### What you will do
Give again, word for word, only the lines of the material below from its first line through the one that holds "So let's start"; pictures stay out.

### Data segment
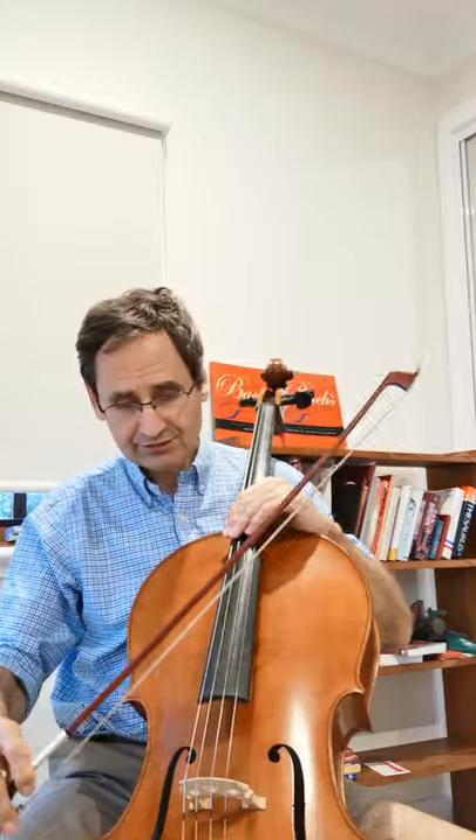The next tip is another closely related one to do with bowing — it's about string crossings. There are four strings on cello, and there are four elbow levels as a result: one, two, three, four. We find that the seesaw effect works pretty well on the lower three strings.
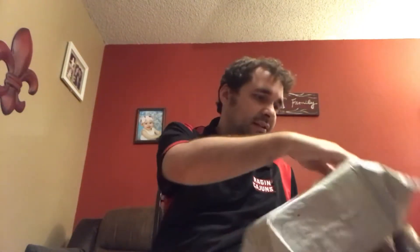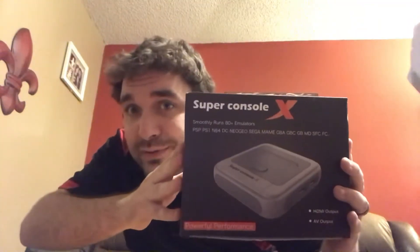So let's start off with what's in the box. Let's see how I can get into there without breaking it. So what could this humongous box be? Well, I'll tell you straight up that this box is from China. And this is the Super Console X.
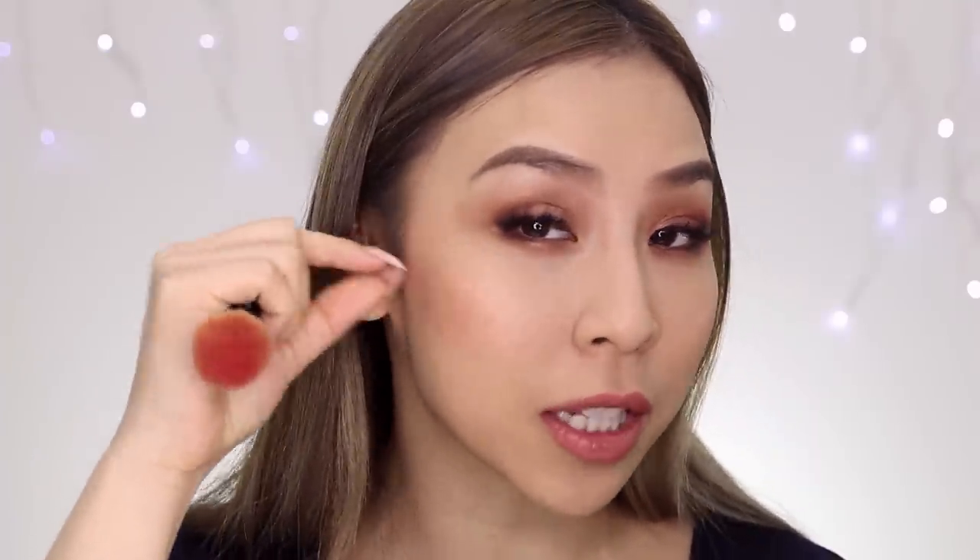Now I'm going to grab the more vibrant shade, and this one is from MAC as well — it's called Flour Power. I'm just going to swirl and grab some of that color onto my round blush brush and apply this color up here around the apples of my cheeks, then pull it and blend it in with the darker color.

### Task output
The next tip is another closely related one to do with bowing — it's about string crossings. There are four strings on cello, and there are four elbow levels as a result: one, two, three, four. We find that the seesaw effect works pretty well on the lower three strings.
So let's start off with what's in the box. Let's see how I can get into there without breaking it. So what could this humongous box be? Well, I'll tell you straight up that this box is from China. And this is the Super Console X.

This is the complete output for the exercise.